O meu maior sonho como militante das causas negras –ou melhor, como brasileiro– é alcançar o tempo em que não haverá necessidade da existência do movimento negro. Se chegar lá, verei erradicado o racismo no Brasil. Sonhar não custa nada, aconselha um samba-enredo da Mocidade Independente.
Meu filho vai se chamar Preto Ferreira e terá que lutar pelo nome, mas os filhos dele talvez não. Hoje as organizações de defesa da negritude muito se justificam, mas, lamentavelmente, não temos um movimento negro organizado.
Seria bom se tivéssemos uma diretriz única, com um chefe eleito por um conselho formado por representantes de cada segmento de ativistas.
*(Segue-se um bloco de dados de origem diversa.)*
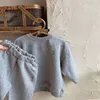 Garçons Filles Designer Vêtements Bébé Pull Deux Pièces En Peluche Ensemble 2023 Automne Enfants Vêtements Hiver Nouvelle Lettre Imprimer Col Rond Sweat S10257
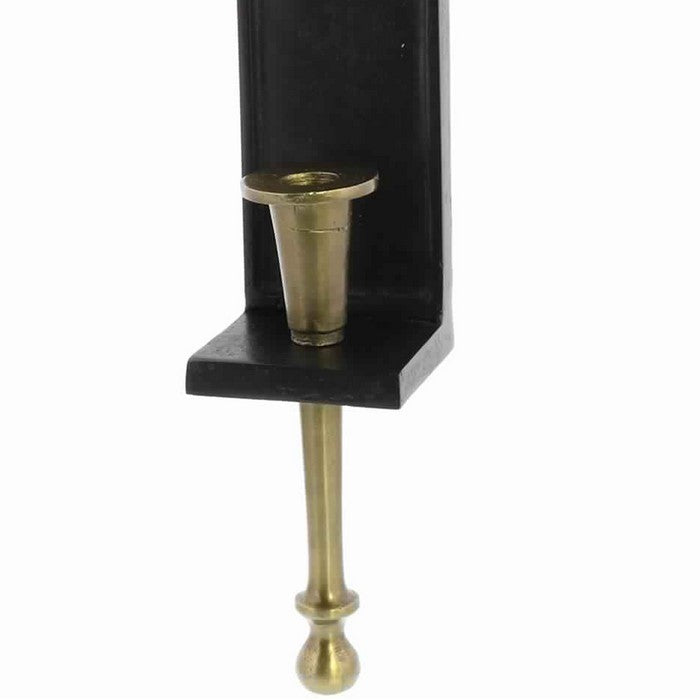 Industrial Style Metal Frame Taper Candle Sconce, Black and Gold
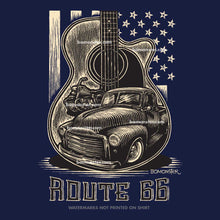 Load image into Gallery viewer, men&#39;s t-shirt with old gmc truck and harley in guitar shape and flag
Pensávamos em alcançar tal estágio no centenário da Abolição, mas não aconteceu.
Depois que botamos centenas de caras negras na telinha da Globo cantando axé pra todo mundo, naquela alegre mensagem de fim de ano, outras caras negras passaram a aparecer com mais frequência nas novelas, nos comerciais da TV e nas propagandas impressas.
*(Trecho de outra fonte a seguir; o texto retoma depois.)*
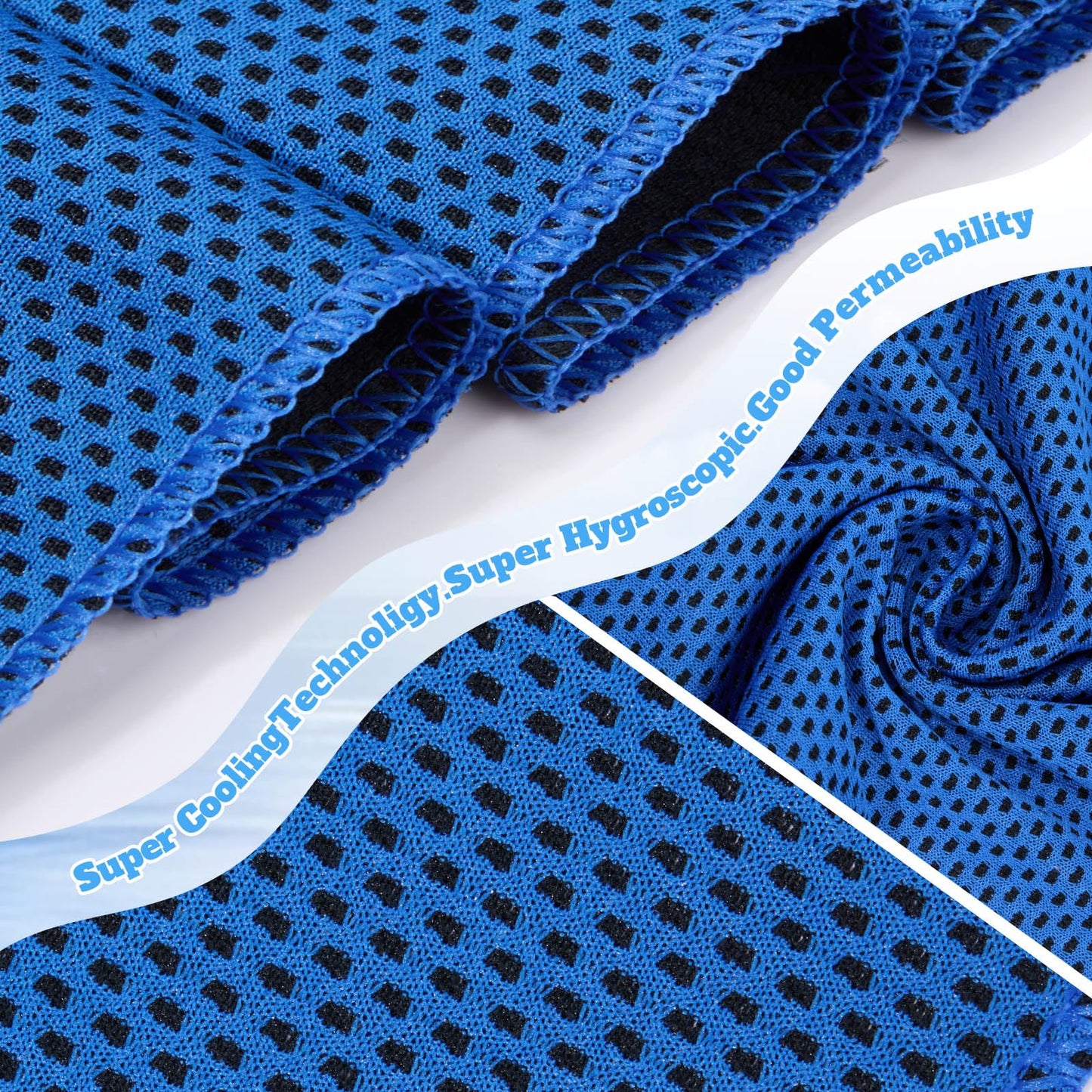 Honoson 60 Pcs Cooling Towel Bulk - 28" x 16" Neck & Face Cool Chilly Towels Microfiber Breathable Sport Sweat Rag for Gym, Yoga, Travel, Camping, Running, Outdoor(Gray Blue White)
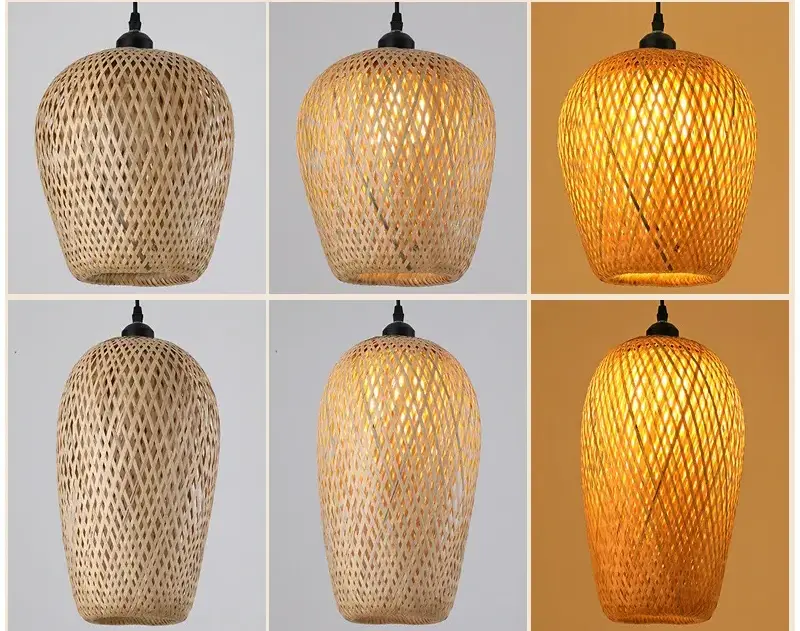 Chinese Style Weaving Hanging Lamps Bamboo Pendant Lamp Hand Knitted Restaurant Home Decor Lighting Fixtures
Na novela "Pátria Minha", a personagem da negra Isabel Filardis transou com a do Kadu Moliterno sem sofrer as agressões racistas que atingiram Zezé Mota por contracenar com o Marcos Paulo na novela "Corpo a Corpo". Na atual, a bela Isabel continua namorando um branco e atua como gerente de uma butique famosa, enquanto na vida real podemos dizer que não temos negras nem como vendedoras nos shoppings. É só conferir. Pra trabalhar em butique tem que ter carinha pálida e cabelo liso.
Acho que o Gilberto Braga foi corajoso ao enfocar a discriminação policial e o racismo, motivando o movimento negro de São Paulo a colocar novamente os temas em discussão na Folha –o que é bastante positivo.
Não gostei de ver o jovem ator Alexandre Moreno, o doce Kennedy, sendo chingado de negro safado e outras ofensas pelo desprezível Raul Pelegrini, dolorosamente encarnado pelo Tarcísio Meira, mas vibrei quando o espezinhado empregadinho atingiu a ferida do arrogante patrão chamando-o de corno.